**Task description**. Within the listing below, the lines to output run from the one containing "this 450×320 image." through the one containing "this 448×298 image."; copy them exactly and nothing else.

**Given records**.
┏━━

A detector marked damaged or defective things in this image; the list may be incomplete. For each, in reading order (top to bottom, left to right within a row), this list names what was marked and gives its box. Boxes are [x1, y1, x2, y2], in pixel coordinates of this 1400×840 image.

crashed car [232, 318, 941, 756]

┗━━
┏━━

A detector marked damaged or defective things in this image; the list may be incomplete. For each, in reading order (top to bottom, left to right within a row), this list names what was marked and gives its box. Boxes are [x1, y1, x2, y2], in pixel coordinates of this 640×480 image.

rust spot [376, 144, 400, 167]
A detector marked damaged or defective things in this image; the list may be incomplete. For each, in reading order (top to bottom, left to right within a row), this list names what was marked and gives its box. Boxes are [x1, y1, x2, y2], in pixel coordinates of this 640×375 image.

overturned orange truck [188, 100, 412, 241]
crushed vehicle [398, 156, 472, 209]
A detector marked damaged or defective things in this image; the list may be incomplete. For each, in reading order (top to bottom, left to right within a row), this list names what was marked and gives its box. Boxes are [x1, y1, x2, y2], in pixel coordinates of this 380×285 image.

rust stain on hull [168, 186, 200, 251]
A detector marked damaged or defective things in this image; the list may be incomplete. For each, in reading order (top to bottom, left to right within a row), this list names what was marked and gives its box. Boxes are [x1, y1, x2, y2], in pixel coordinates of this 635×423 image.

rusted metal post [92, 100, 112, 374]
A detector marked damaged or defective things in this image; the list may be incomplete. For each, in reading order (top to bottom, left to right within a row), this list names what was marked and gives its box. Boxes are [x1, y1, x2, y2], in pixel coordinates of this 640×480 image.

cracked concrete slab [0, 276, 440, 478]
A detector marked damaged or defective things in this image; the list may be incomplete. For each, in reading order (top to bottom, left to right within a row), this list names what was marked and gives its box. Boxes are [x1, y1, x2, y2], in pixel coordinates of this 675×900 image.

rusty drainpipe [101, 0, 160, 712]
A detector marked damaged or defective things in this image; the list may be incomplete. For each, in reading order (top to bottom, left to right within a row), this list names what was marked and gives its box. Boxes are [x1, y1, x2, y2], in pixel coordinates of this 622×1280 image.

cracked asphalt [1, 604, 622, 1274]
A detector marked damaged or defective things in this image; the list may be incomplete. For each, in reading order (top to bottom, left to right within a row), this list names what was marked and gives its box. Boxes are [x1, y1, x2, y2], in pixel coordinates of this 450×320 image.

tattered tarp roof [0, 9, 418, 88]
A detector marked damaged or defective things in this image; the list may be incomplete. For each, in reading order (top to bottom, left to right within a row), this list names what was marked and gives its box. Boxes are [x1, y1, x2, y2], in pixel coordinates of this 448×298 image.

┗━━

**Problem solution**.
A detector marked damaged or defective things in this image; the list may be incomplete. For each, in reading order (top to bottom, left to right within a row), this list names what was marked and gives its box. Boxes are [x1, y1, x2, y2], in pixel coordinates of this 450×320 image.

tattered tarp roof [0, 9, 418, 88]
A detector marked damaged or defective things in this image; the list may be incomplete. For each, in reading order (top to bottom, left to right within a row), this list names what was marked and gives its box. Boxes are [x1, y1, x2, y2], in pixel coordinates of this 448×298 image.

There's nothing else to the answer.